Разумеется, в наши дни никому не придет в голову разделять негодование Грильпарцера. Люди, считающие себя передовыми, — если предположить, что они знают Вебера, и в особенности если они его не знают, — скорее поставят себе в заслугу пренебрежительное к нему отношение как к композитору легковесному и совсем устаревшему, который, в лучшем случае, может растрогать только стариков и старух. Подобное отношение еще можно было бы, пожалуй, объяснить, если бы речь шла о людях, ничего не понимающих в музыке: апломб таких людей очень часто не уступает их невежеству.
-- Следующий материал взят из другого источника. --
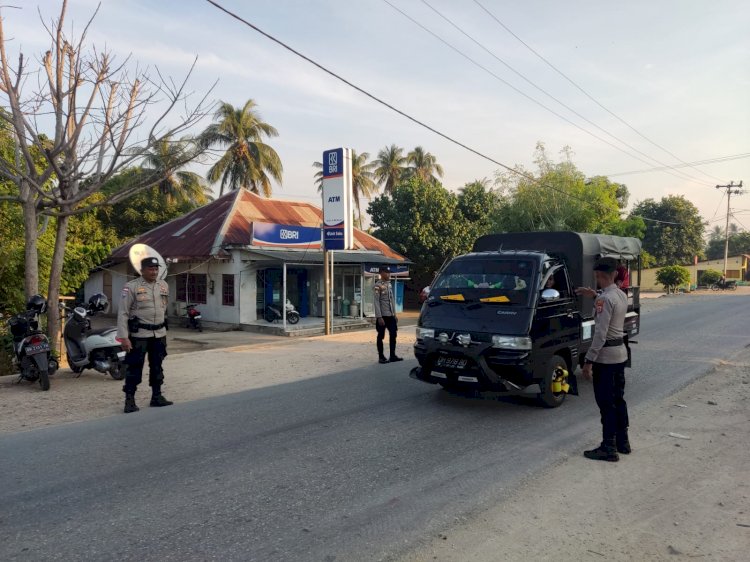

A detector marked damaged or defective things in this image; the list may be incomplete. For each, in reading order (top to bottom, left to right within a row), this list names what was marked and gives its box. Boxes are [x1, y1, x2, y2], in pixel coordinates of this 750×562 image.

rusty metal roof [108, 186, 408, 260] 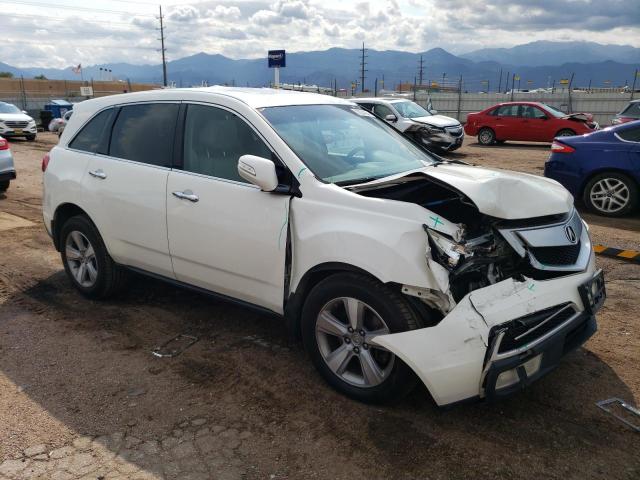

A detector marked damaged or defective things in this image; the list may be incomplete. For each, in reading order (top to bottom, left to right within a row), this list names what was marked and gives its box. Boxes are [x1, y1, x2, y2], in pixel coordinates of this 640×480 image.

damaged white suv [43, 89, 604, 404]
cracked bumper [370, 251, 600, 404] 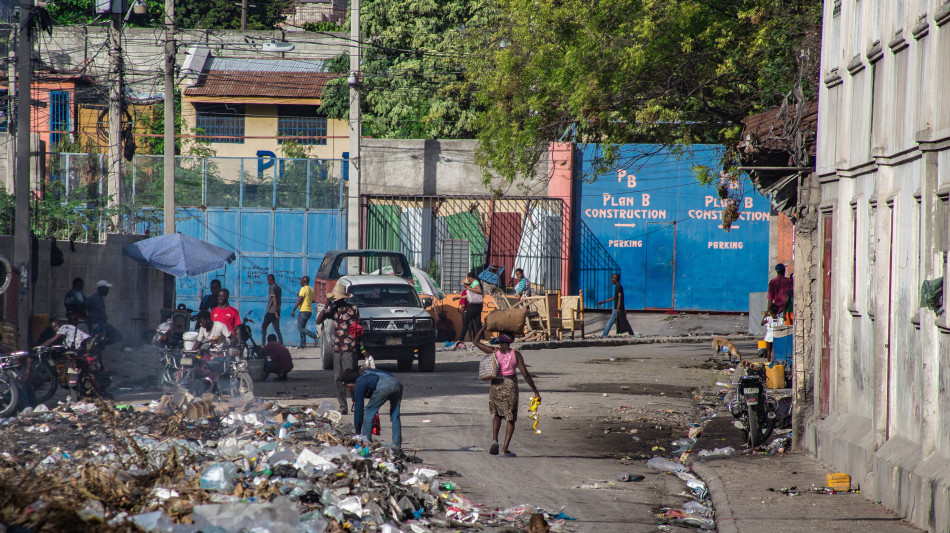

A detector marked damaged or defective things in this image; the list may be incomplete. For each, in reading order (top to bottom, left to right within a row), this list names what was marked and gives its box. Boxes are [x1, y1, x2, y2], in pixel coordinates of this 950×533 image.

rusty corrugated roof [182, 70, 338, 99] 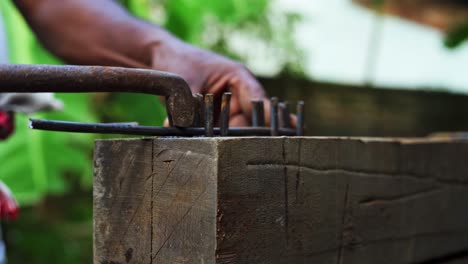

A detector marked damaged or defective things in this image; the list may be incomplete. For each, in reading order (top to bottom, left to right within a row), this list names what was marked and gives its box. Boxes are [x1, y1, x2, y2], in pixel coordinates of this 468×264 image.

rusty metal bending tool [0, 63, 197, 126] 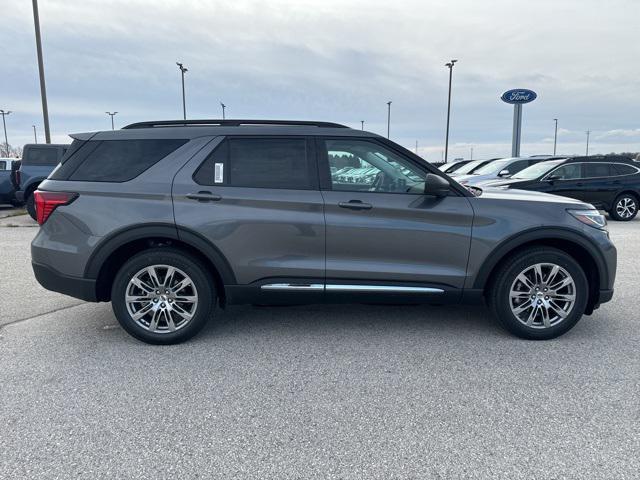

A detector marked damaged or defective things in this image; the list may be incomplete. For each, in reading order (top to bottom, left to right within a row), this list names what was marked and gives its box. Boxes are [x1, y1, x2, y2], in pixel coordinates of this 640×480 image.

pavement crack [0, 302, 87, 336] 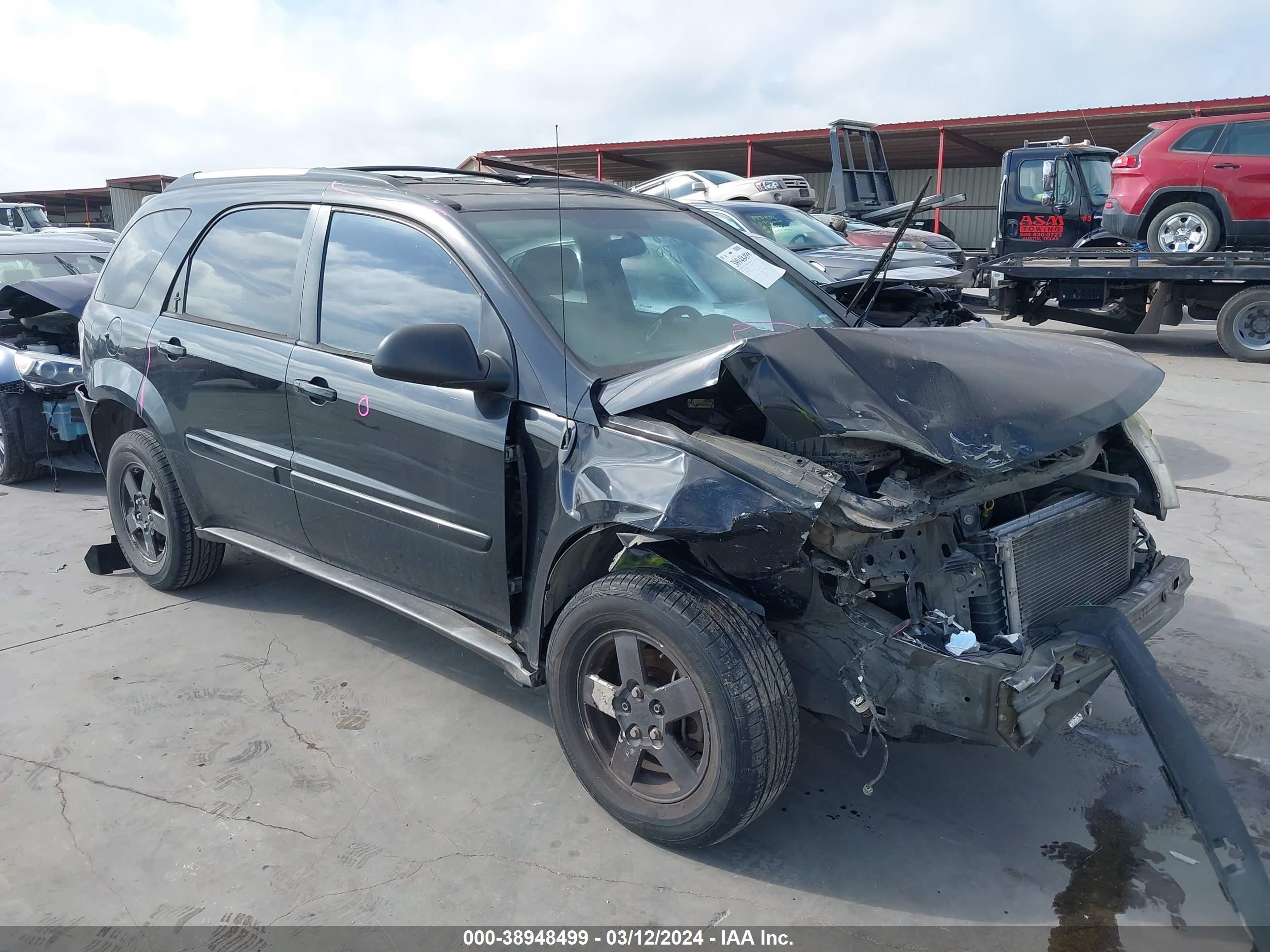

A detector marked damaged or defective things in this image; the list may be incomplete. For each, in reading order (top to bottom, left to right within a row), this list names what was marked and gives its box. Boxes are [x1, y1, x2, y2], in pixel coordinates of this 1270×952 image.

Но что же сказать, когда профессиональные музыканты изрекают суждения, подобные тому, которое я слышал, например, из уст Скрябина. Правда, говорилось это не о Вебере, а о Шуберте. Но сути дела это нисколько не меняет! Однажды, когда Скрябин со свойственным ему пафосом распространялся в своих метафизических бреднях о возвышенном искусстве и его великих жрецах, я начал, со своей стороны, хвалить грацию и изящество вальсов Шуберта, которые я тогда переигрывал с истинным наслаждением. Он улыбнулся со снисходительной иронией. «Ну что вы, — сказал он, — Шуберт? Это только для молодых девиц, чтобы побренчать на рояле».
В течение зимы 1930 года Бостонский симфонический оркестр решил отпраздновать свою пятидесятую годовщину целой серией фестивалей, которым эта знаменитая организация хотела придать особый интерес исполнением симфонических произведений современных авторов, сочиненных по ее просьбе специально для этого торжества. С. Кусевицкий, уже многие годы стоявший во главе этого прекрасного оркестра, просил и меня принять участие в этом праздновании и написать для него симфонию[10].
Мысль о создании крупного симфонического произведения уже давно меня занимала. Поэтому я охотно принял это предложение — оно вполне отвечало моим желаниям. Мне дана была полная свобода в выборе формы и средств исполнения. Я был связан только сроком сдачи партитуры, к тому же вполне достаточным.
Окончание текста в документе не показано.